Mechanism regulation over dual-atom catalyst enables high-performance oxidative alcohol esterification

Abstract

The development of heterogeneous catalysts with well-defined uniform isolated or multiple active sites is of great importance for understanding catalytic performances and studying reaction mechanisms. Herein, we present a CoCu dual-atom catalyst (CoCu-DAC) where bonded Co–Cu dual-atom sites are embedded in N-doped carbon matrix with a well-defined Co(OH)CuN6 structure. The CoCu-DAC exhibits higher catalytic activity and selectivity than the Co single-atom catalyst (Co-SAC) and Cu single-atom catalyst (Cu-SAC) counterparts in the catalytic oxidative esterification of alcohols and a variety of methyl and alkyl esters have been successfully synthesized.

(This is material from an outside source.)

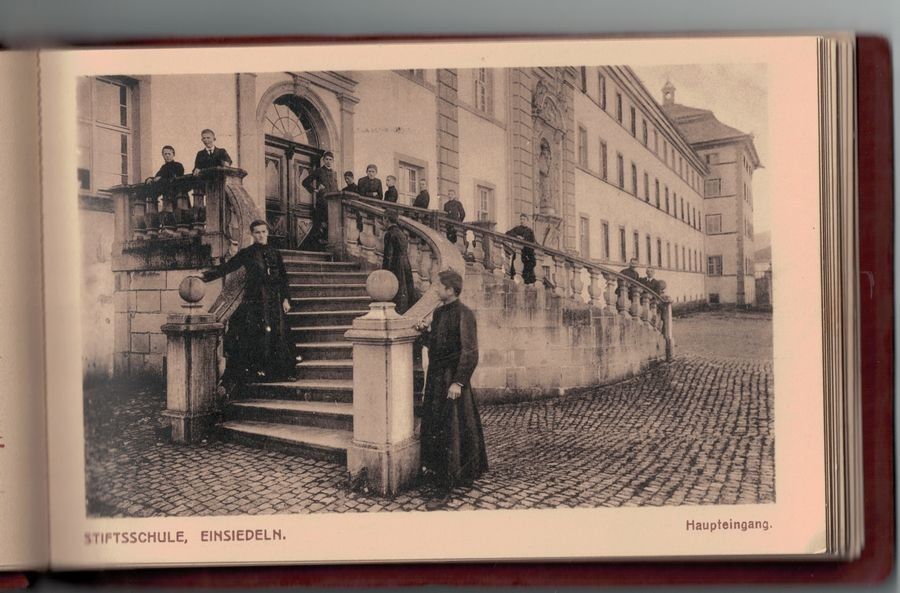 Ansichtskarten: Stiftsschule Einsiedeln, Heft mit 24 Bildkarten, Top-Zustand – Gebraucht aus Frauenfeld von POML 5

Kinetic studies reveal that the activation energy (29.7 kJ mol−1) over CoCu-DAC is much lower than that over Co-SAC (38.4 kJ mol−1) and density functional theory (DFT) studies disclose that two different mechanisms are regulated over CoCu-DAC and Co-SAC/Cu-SAC in three-step esterification of alcohols. The bonded Co–Cu and adjacent N species efficiently catalyze the elementary reactions of alcohol dehydrogenation, O2 activation and ester formation, respectively. The stepwise alkoxy pathway (O–H and C–H scissions) is preferred for both alcohol dehydrogenation and ester formation over CoCu-DAC, while the progressive hydroxylalkyl pathway (C–H and O–H scissions) for alcohol dehydrogenation and simultaneous hemiacetal dehydrogenation are favored over Co-SAC and Cu-SAC. Characteristic peaks in the Fourier transform infrared spectroscopy analysis may confirm the formation of the metal-C intermediate and the hydroxylalkyl pathway over Co-SAC.